(Exercise data begins)
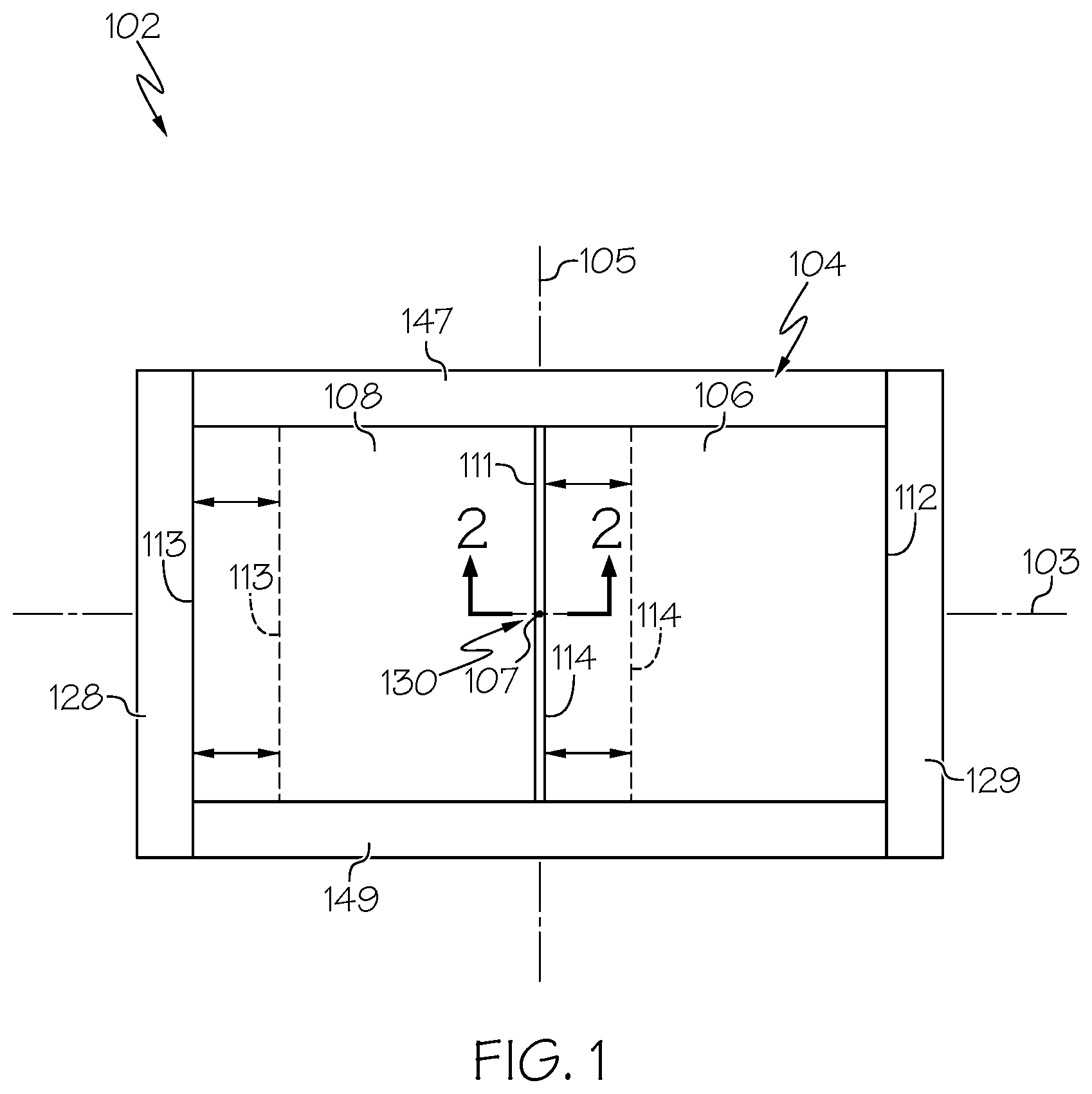 Patent US12338676 Figure 1 – Fenestration unit with plural panels and interpanel coupling system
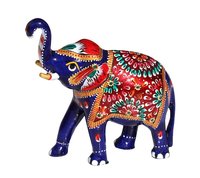Meenakari Work Handmade Metal Elephant Figurine - Aluminium Metal, Dark Blue And Multi-color, Elegant Decorative Piece For Indoor And Outdoor Use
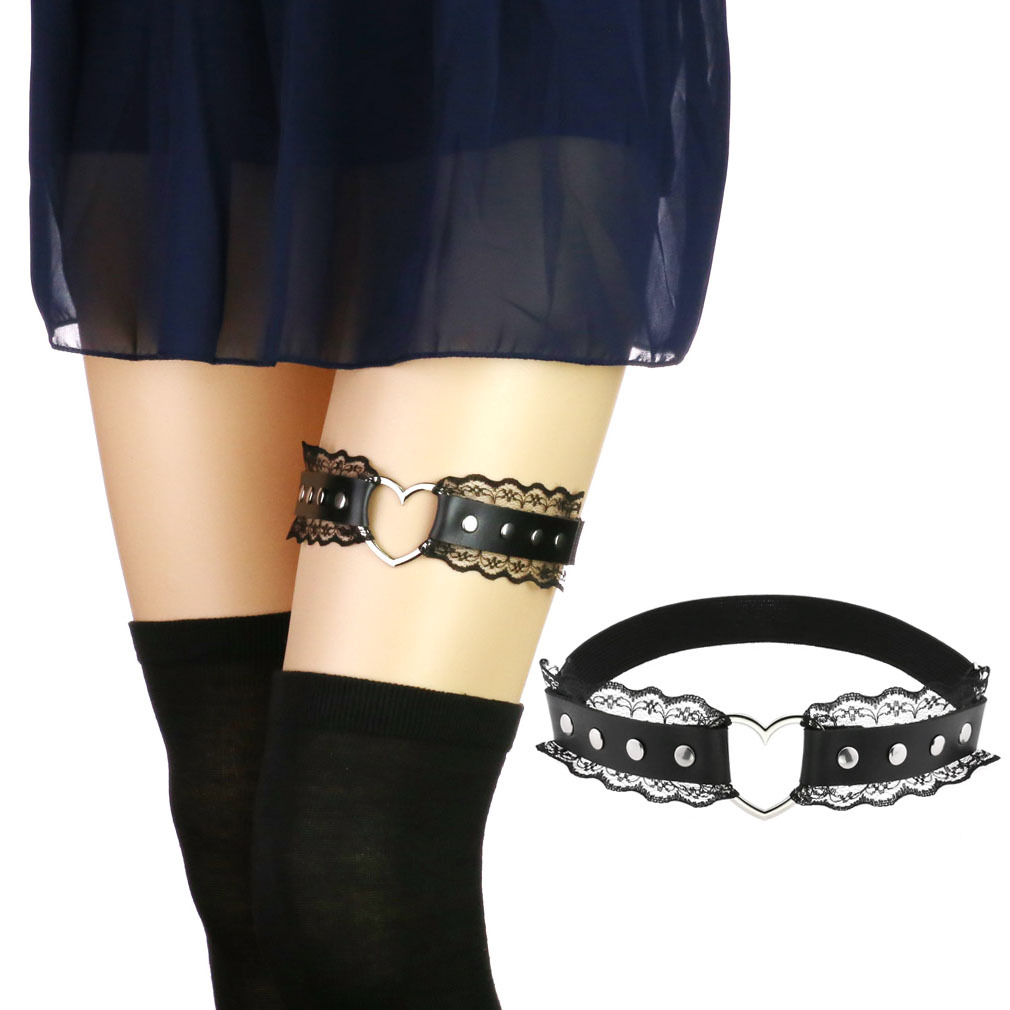 Stage Wear Hippop Dance Accessories appeal Aesthetic Punk Soft girl Lace Cortex Thigh ring O-ring Elastic force Rivet Garters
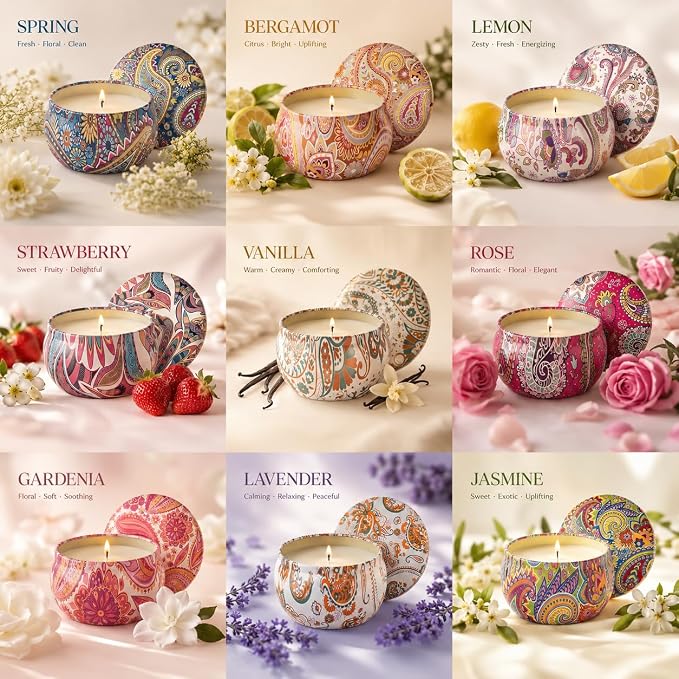 Scented Candles Gifts Set for Women, 9 Pack Aromatherapy Candles Pack Soy Wax Include Lavender, Jasmine and Vanilla Scented for Bridesmaid, Birthday, Valentine's, Mother's Day, Bath, Yoga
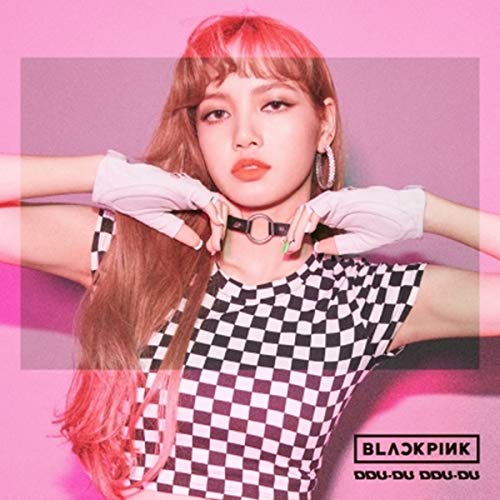Lisa of Blackpink poses with pink background, checkered top, and white gloves.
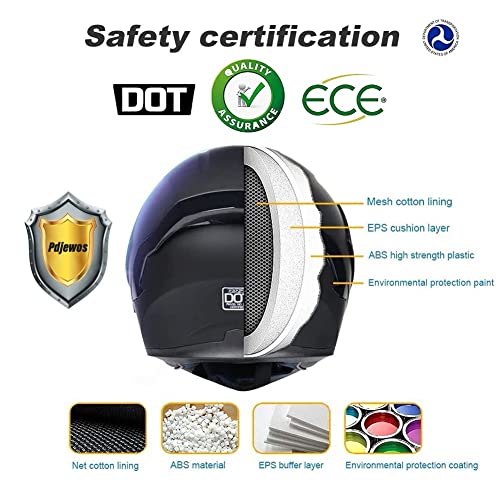 Motorcycle Modular Bluetooth Helmet Full Face Flip Up Front Helmet , DOT Approved Bluetooth Integrated Helmet with Dual Visor Auto Answer, for Adults Men Women M~XXL 57~64cm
(Exercise data ends)
Task objective: Your answer must be the exact lines from the records above, from the one containing "Meenakari Work Handmade" through the one containing "Lisa of Blackpink", both included, with every picture left out.

Task output:
Meenakari Work Handmade Metal Elephant Figurine - Aluminium Metal, Dark Blue And Multi-color, Elegant Decorative Piece For Indoor And Outdoor Use
 Stage Wear Hippop Dance Accessories appeal Aesthetic Punk Soft girl Lace Cortex Thigh ring O-ring Elastic force Rivet Garters
 Scented Candles Gifts Set for Women, 9 Pack Aromatherapy Candles Pack Soy Wax Include Lavender, Jasmine and Vanilla Scented for Bridesmaid, Birthday, Valentine's, Mother's Day, Bath, Yoga
Lisa of Blackpink poses with pink background, checkered top, and white gloves.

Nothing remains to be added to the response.